* _Aim of the exercise_
Beginning with the line that holds "Quality of Life" and finishing with the line that holds "The Dennis Brutus Tapes", repeat the listing exactly, leaving every picture out.

* _Source material_
..............................

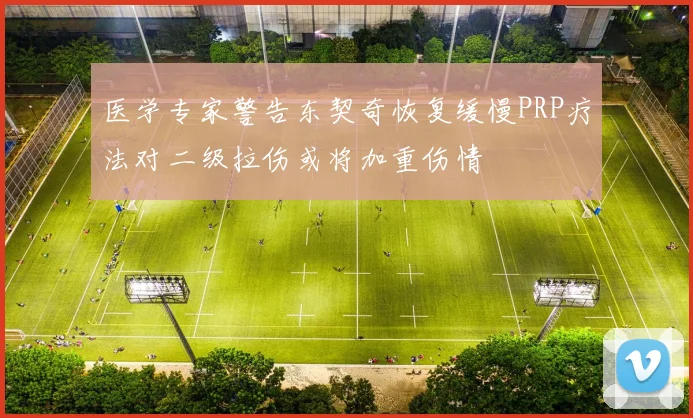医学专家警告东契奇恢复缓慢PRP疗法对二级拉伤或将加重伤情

..............................

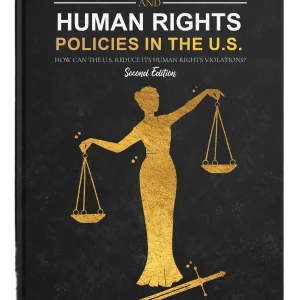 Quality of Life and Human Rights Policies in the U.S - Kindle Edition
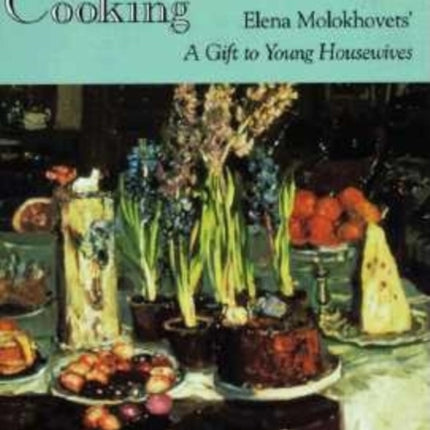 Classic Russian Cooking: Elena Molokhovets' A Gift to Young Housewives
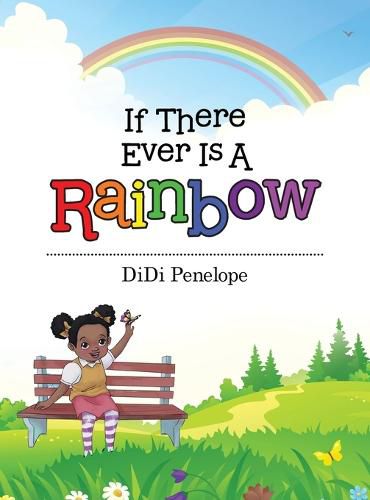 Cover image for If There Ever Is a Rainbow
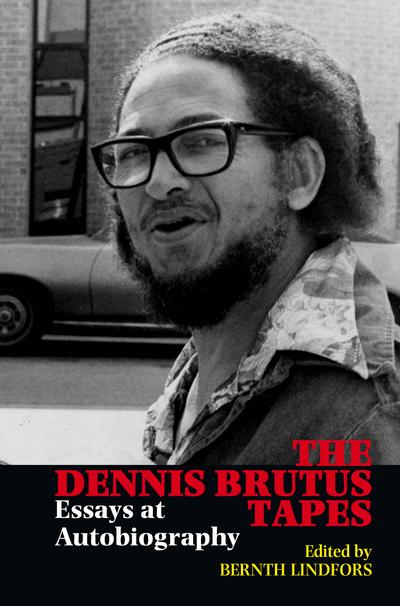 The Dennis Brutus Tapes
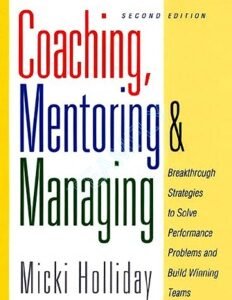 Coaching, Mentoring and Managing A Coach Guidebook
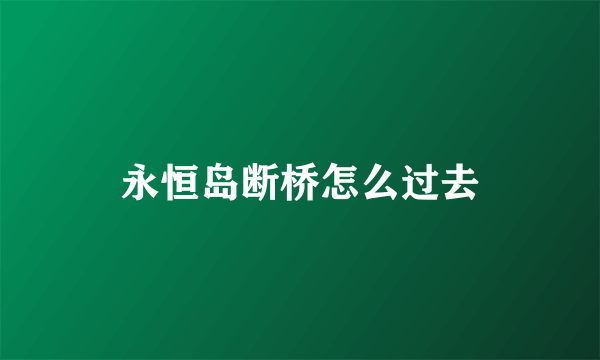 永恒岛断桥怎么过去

..............................

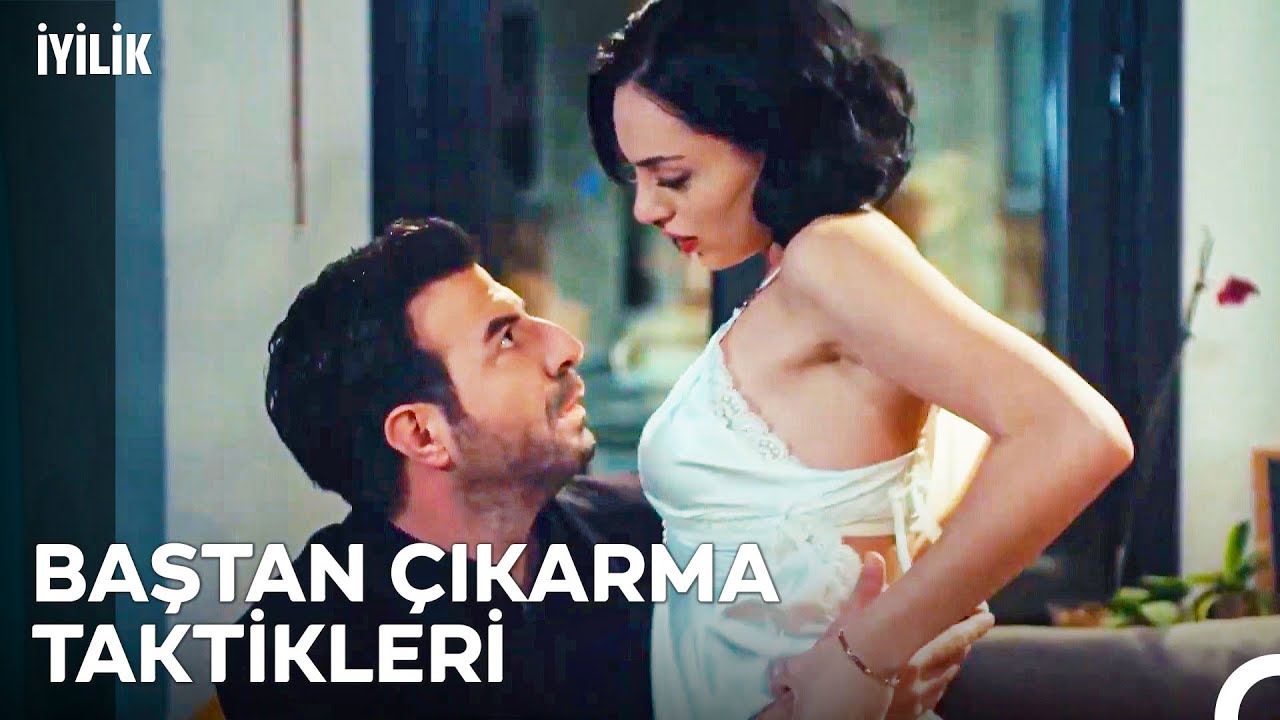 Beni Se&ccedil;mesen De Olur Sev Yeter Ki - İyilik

..............................

* _Result for this exercise_
 Quality of Life and Human Rights Policies in the U.S - Kindle Edition
 Classic Russian Cooking: Elena Molokhovets' A Gift to Young Housewives
 Cover image for If There Ever Is a Rainbow
 The Dennis Brutus Tapes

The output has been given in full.